Segundo a secretária de imprensa, Terezinha Nunes, o governador esgotou todas as tentativas de negociação política no Senado - que aprecia a possibilidade de rolagem dos títulos - e aguardou um pronunciamento da Justiça federal ou estadual, onde correm ações contra a emissão dos títulos. Como não houve uma solução a tempo, Vasconcelos optou por anular a operação a fim de evitar a inadimplência do Estado.
A medida visou a evitar, também, que o Bradesco sacasse os recursos da conta única do Estado ou negociasse os títulos no mercado, o que poderia ocorrer caso os títulos não fossem resgatados. "Pernambuco não tem condições de desembolsar R$ 260 milhões, quando a sua arrecadação mensal é muito inferior a esse valor", afirmou o procurador-geral do Estado, Silvio Pessoa, ao justificar o decreto.
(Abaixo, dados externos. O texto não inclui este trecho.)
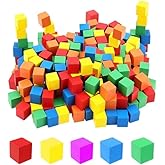 Renkli Ahşap K&uuml;p Bloklar 1x1x1cm 100 Adet Ahşap Renkli Kare Blok Eğitici Geliştirici Oyuncak K&uuml;p Matematik Birim K&uuml;pleri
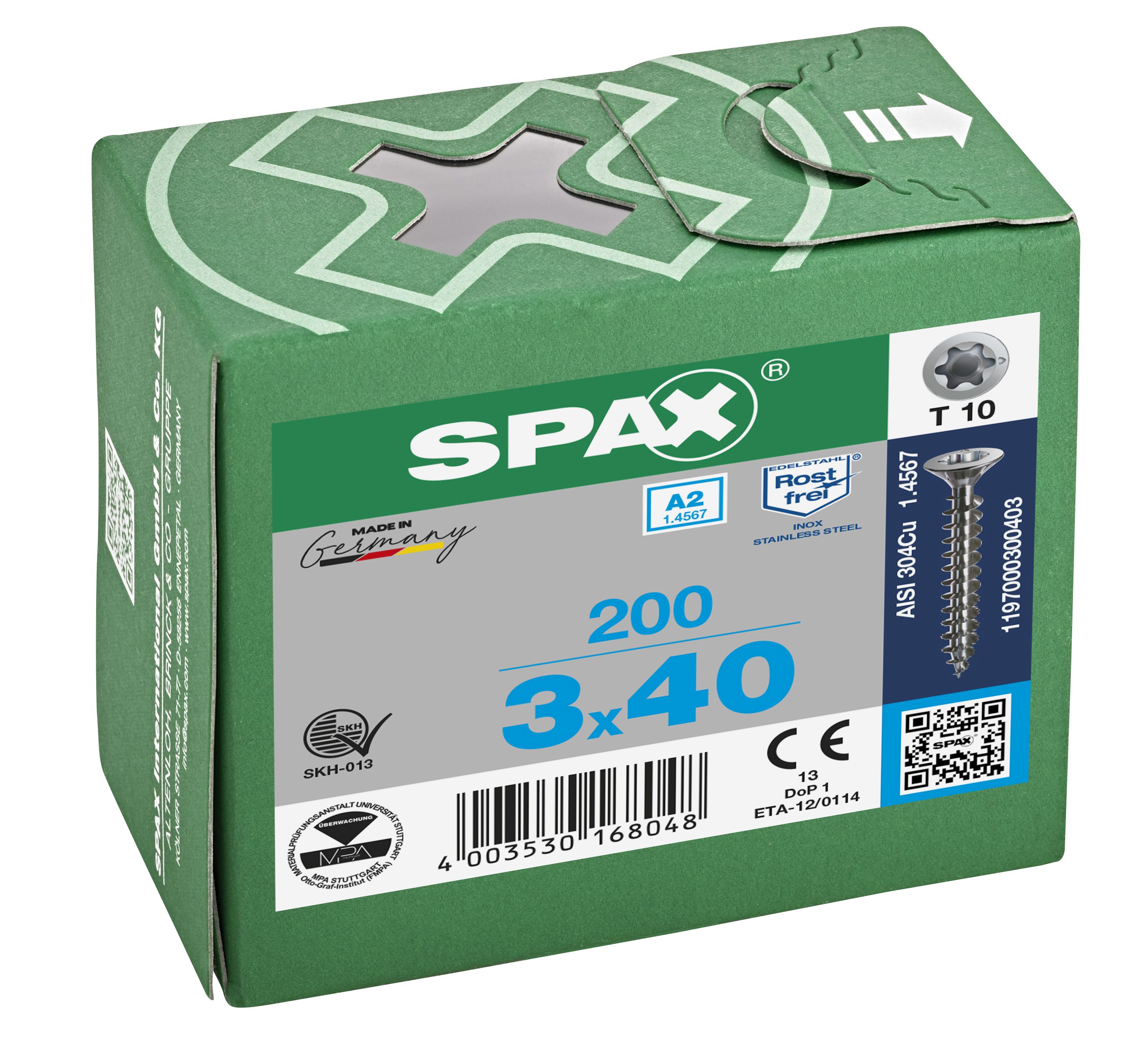 CABEZA PLANA SPAX-S A2 NERVIOS DE FRENADO T-STAR PLUS T10 ROSCA COMPLETA 200 UD.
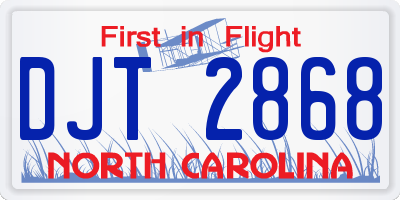 NC license plate DJT2868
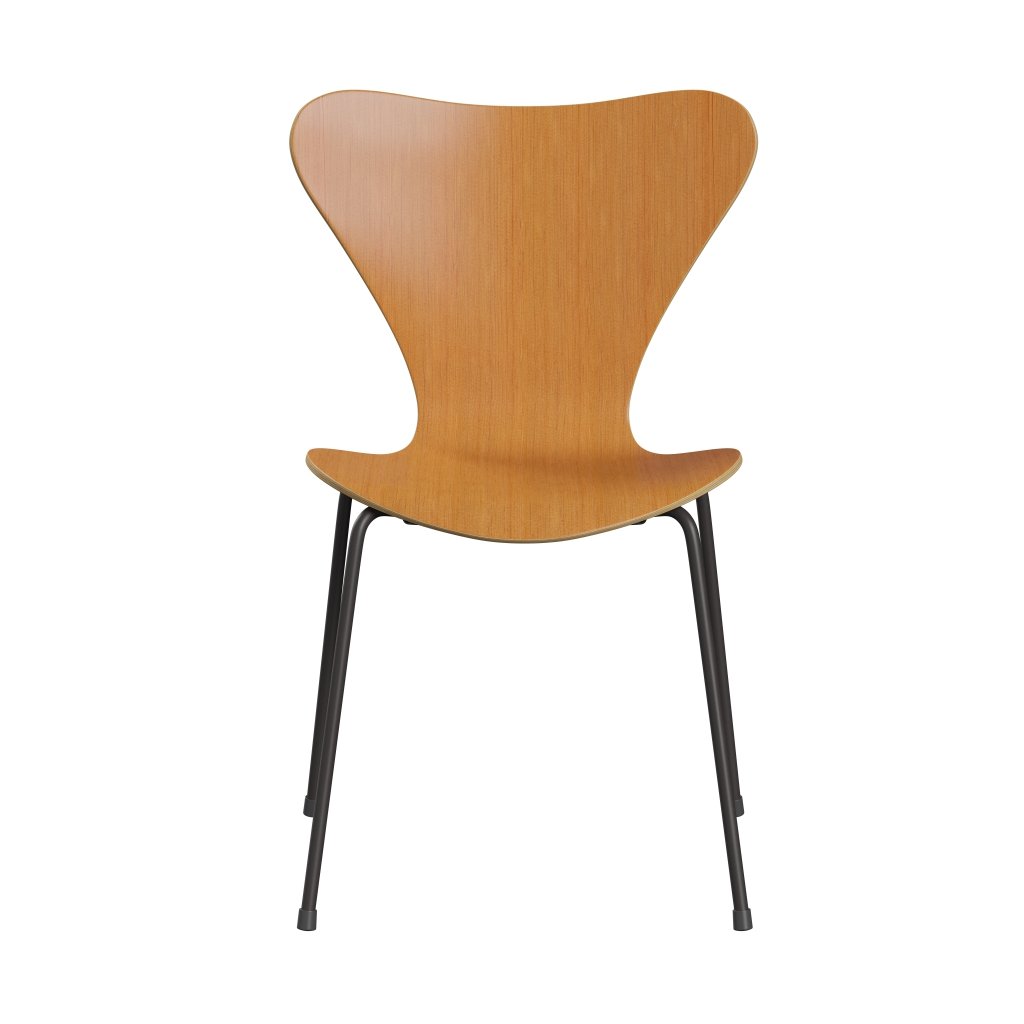 Fritz Hansen 3107 Chair Unupholstered, Warm Graphite/Swiss Stone Pine Veneer Natural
O decreto fundamenta a anulação na inconstitucionalidade da lei estadual 11.334 que autorizou a emissão dos títulos em 1996. Essa lei foi considerada inconstitucional pelo Supremo Tribunal Federal. As operações dos precatórios - realizadas em Pernambuco, Alagoas
Santa Catarina e municípios de São Paulo e Campinas - foram alvo de CPI do Senado que concluiu, em maio do ano passado, que elas foram fraudulentas. Pernambuco emitiu R$ 480 milhões em títulos e pagou somente R$ 26 milhões de precatórios. O restante foi usado para outros fins, ferindo a Constituição.
A primeira parcela da dívida dos precatórios foi paga pelo ex-governador Miguel Arraes, no ano passado, no valor de R$ 196 milhões, restando R$ 720 milhões que deveriam ser pagos até 2001.